◆ **The problem**
What you return must be exactly the lines from the beginning of the material through the line containing "Mellow World Jasmine", both included, and no pictures.
** Opening Record extracts block **
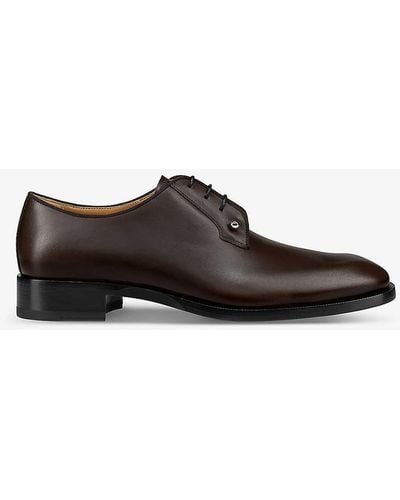 Christian Louboutin Chambeliss Leather Derby Shoes - Brown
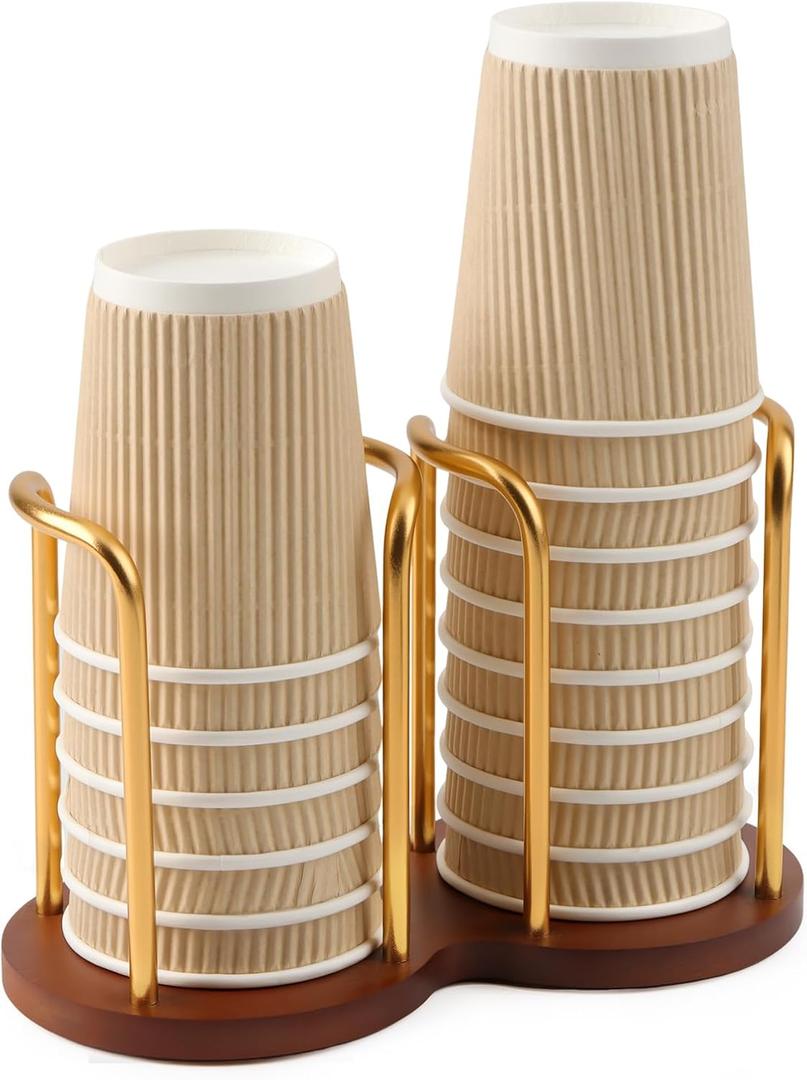 Wood Bathroom Cup Dispenser 3 oz-8 oz Disposable Paper & Plastic Bathroom Cup Holder - Mouthwash Cup Dispenser for Bathroom Countertop - Disposable Coffee Cup Dispenser for Kitchen, Coffee Station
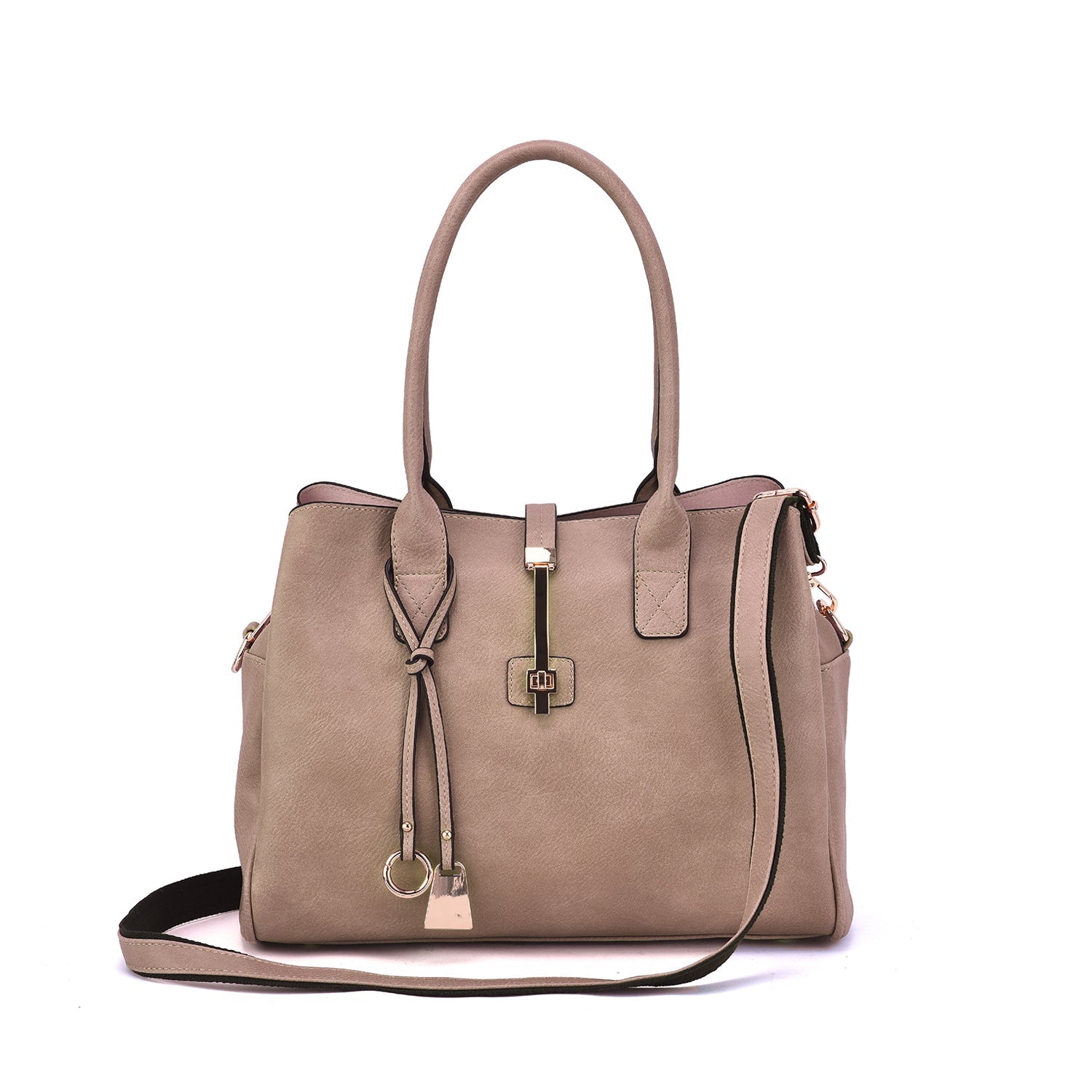  Mellow World Jasmine Structured 3-Compartment Satchel - Black - Bonton
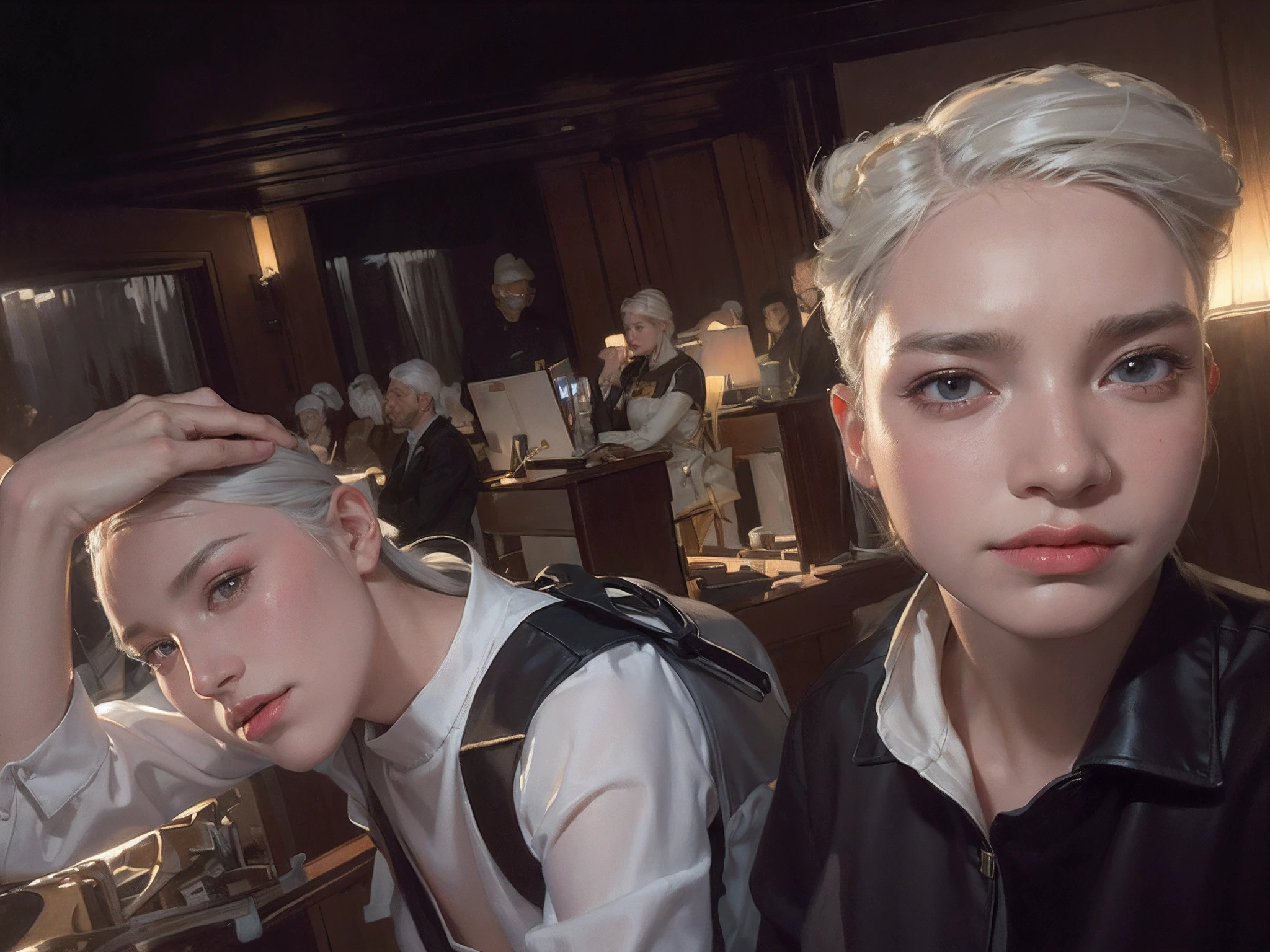 Hyperrealist portrait of female by david hockney and alphonse mucha,fantasy art, photo realistic, dynamic lighting, artstation, poster, volumetric lighting, very detailed faces, 4 k, award winning,, 1girl, in the dark, deep shadow, low key,cowboy shot,(official clothing:1.4) ,long hair,white hair,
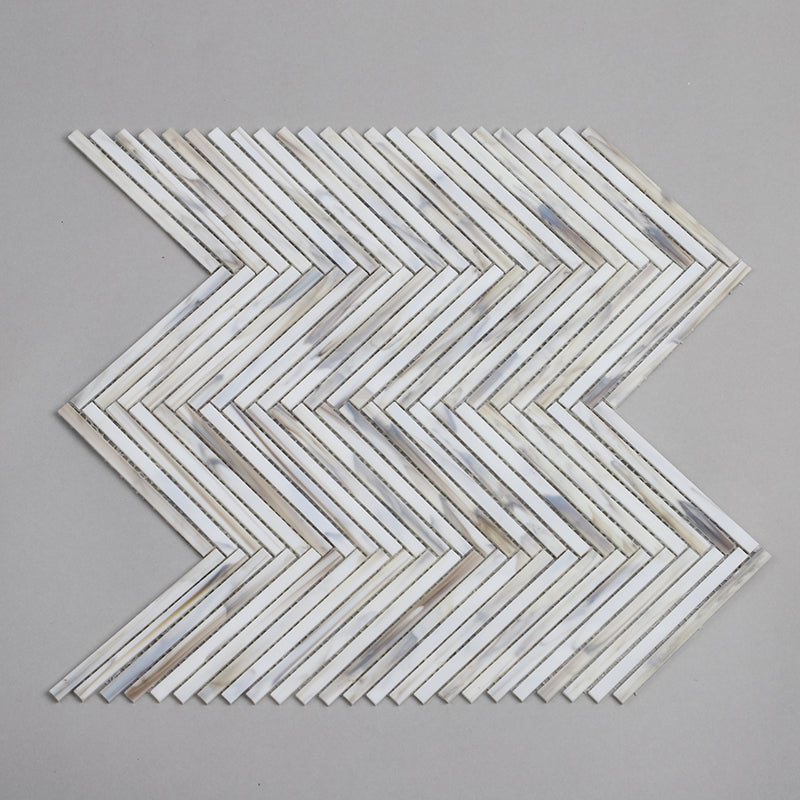 Gạch Lát Hồ Bơi Và Sàn Phòng Tắm Mosaic Kính Óng Ánh Trắng - Bán Trực Tiếp Từ Nhà Máy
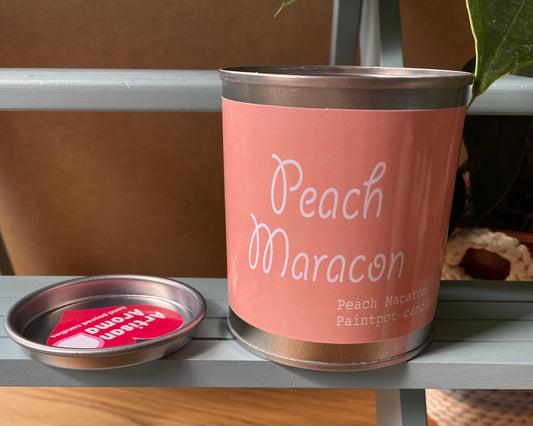 Peach Macaron Candle Paint Pot Tin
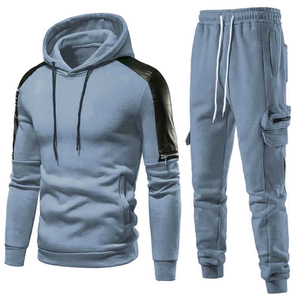 Conjunto Deportivo Informal para Hombre, Transpirable, Talla Grande, con Capucha, Corte Regular, Estilo Urbano, de Alta Calidad, Color Sólido Estampado - Product Image 4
** Closing Record extracts block **
◆ **Answer to this task**
 Christian Louboutin Chambeliss Leather Derby Shoes - Brown
 Wood Bathroom Cup Dispenser 3 oz-8 oz Disposable Paper & Plastic Bathroom Cup Holder - Mouthwash Cup Dispenser for Bathroom Countertop - Disposable Coffee Cup Dispenser for Kitchen, Coffee Station
  Mellow World Jasmine Structured 3-Compartment Satchel - Black - Bonton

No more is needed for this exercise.